On dirait que je suis condamné à ça. C'est comme une malédiction, comme un sort que m'aurait jeté une vilaine fée penchée sur mon berceau et laissant échapper un filet de salive corrosive de sa bouche malodorante et édentée. Je n'en sortirais jamais. C'est mon destin de devoir supporter cela et de ne pas pouvoir m'extirper de cette infamante infortune.
Je m'étais bien promis que cette fois j'en avais terminé avec ces saloperies de dessins de motos. Marre, plein le cul de ces conneries. J'ai touillé le problème dans le dedans de ma tête avec les doigts, j'ai malaxé ces entrailles molles, j'ai fait de la bouillie de tout ça dans l'espoir vain que ça me changerait les idées, que ça en amènerait d'autres, que ça supprimerait celles déjà présentes, au moins. Mais que dalle ! Rien à faire. Macache. Elles sont toujours là, ces saloperies de motos. Je fais des efforts, pourtant. Je refuse de dessiner. Je jette les feuilles dès lors qu'un semblant de début de dessin de moto pointe le bout de son nez. Ça ne marche pas. Je n'arrive pas à dessiner quoi que ce soit d'autre. Ou alors, il faut que ça aille vite, que je me concentre beaucoup, avec intensité. Ne pas me laisser faire, ne pas permettre à la moto d'apparaître, refouler les motos qui se pressent au portillon. Leur filer un coup de Kalachnikov dans les gencives, aux bécanes ! Zou ! Elimination totale. Douze balles dans la peau de détente et que les roues pètent !

J'écoutais du Bob Dylan. Les tout premiers albums. Je me suis laissé avoir comme un bleu. J'ai vu une feuille de papier débarquer devant moi, sur le plat de la table. J'ai vu le porte-mine s'agripper à ma main droite. Je l'ai vu de mes yeux vu ! J'ai vu cette main faire des arabesques absurdes et gommer et recommencer. Et l'harmonica de Robert qui me vrillait les oreilles ! J'ai mis un autre disque et j'avais un pinceau en main. Un pinceau qui allait barboter dans l'encre noire comme mon âme révulsée de voir ce qui se passait. Impossible de me raisonner, je suis allé au bout.
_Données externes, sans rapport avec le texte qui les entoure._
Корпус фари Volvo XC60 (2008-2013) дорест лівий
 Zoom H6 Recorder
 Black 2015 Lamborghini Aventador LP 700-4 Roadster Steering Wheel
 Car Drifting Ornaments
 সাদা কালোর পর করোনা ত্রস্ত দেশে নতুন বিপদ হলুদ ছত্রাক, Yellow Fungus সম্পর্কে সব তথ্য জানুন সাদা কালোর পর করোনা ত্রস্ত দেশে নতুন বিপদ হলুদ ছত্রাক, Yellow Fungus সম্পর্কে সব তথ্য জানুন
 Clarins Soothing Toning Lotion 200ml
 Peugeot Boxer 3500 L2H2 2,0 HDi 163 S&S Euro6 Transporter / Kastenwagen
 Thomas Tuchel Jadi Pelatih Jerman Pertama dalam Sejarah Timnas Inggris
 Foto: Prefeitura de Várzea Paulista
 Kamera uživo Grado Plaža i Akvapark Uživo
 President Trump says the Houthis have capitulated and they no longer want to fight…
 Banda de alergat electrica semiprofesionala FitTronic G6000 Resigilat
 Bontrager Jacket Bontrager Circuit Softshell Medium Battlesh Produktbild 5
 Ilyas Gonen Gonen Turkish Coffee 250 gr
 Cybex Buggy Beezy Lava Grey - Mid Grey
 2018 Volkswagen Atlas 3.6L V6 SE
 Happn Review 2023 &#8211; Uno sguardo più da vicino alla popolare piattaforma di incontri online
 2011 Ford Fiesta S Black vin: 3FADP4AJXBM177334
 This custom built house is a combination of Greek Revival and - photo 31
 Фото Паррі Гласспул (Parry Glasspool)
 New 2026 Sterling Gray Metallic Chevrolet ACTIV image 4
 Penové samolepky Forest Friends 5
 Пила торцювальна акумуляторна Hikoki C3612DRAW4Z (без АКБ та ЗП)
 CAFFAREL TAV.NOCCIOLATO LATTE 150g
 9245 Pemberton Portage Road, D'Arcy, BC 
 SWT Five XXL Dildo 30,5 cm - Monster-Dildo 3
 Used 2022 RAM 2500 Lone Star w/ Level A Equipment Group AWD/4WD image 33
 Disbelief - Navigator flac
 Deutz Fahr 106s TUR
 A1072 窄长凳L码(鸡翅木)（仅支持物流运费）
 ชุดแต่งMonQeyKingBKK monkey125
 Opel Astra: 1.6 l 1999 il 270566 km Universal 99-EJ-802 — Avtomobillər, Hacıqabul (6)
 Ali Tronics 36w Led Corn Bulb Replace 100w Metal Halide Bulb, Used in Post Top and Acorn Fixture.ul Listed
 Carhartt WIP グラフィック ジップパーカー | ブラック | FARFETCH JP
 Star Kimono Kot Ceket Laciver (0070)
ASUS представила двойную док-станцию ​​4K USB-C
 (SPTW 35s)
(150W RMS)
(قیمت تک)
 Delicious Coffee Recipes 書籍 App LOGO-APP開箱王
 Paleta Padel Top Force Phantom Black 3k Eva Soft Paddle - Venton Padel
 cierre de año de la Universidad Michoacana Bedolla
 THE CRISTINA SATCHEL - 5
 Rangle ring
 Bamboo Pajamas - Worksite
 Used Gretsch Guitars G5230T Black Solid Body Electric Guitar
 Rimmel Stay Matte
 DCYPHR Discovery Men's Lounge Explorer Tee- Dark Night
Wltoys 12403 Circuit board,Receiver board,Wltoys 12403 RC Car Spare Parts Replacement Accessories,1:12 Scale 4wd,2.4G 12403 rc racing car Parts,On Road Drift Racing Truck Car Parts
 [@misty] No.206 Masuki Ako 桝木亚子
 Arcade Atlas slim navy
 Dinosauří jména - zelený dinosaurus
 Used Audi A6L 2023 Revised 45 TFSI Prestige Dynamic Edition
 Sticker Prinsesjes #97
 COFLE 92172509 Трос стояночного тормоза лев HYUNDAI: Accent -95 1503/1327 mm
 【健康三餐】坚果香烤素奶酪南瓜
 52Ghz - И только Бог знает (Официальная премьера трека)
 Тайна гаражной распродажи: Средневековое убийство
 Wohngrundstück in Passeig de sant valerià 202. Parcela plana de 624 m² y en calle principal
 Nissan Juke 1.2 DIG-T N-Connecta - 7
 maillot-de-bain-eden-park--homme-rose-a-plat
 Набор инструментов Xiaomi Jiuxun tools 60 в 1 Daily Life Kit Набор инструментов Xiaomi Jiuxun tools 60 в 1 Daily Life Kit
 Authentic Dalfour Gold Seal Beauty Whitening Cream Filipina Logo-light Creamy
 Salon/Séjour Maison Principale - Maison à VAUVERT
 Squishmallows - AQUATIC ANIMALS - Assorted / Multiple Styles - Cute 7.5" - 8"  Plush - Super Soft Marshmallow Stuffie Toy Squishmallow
J'ai bu la lie jusqu'à la dernière goutte.
En plongée, je voyais cette moto couchée sur le papier qui avait été blanc immaculé. Je voyais le pinceau empesé d'encre sèche. Je voyais l'étendue de la catastrophe et je fus pris d'un grand élan de déprime. Je me suis levé pour aller laver le pinceau à l'eau tiède et au savon de Marseille. Je suis revenu à la table et le dessin était toujours là. J'ai mis un disque de Babx parce que j'aime bien ce que fait ce garçon et je suis allé numériser le dessin en me disant que, bah ! Après tout ! Cela n'aura pas été totalement inutile, en fin de compte.
Je suis face à l'écran de l'ordinateur. La fumée de la cigarette me pique les yeux et je suis en mode "écriture automatique". Les doigts courent sur le clavier à la vitesse de ma pensée. Je tape ce que j'entends dans ma tête. J'ai appris à taper assez vite pour suivre ce rythme. A côté de moi, j'ai branché un radiateur à bain d'huile qui délivre son content de calories. Il est déjà plus de 17 heures et je me demande bien ce que je pourrai me faire à manger ce soir. Je ne manque pas, j'ai plein de trucs plus ou moins frais, pas trop pourris, à bouffer. C'est l'envie de cuisiner qui manque, le plus souvent. Envie de se remplir le bide d'une nourriture pas compliquée, facile à préparer et à ingérer. Rapide et mangeable. Sans plus.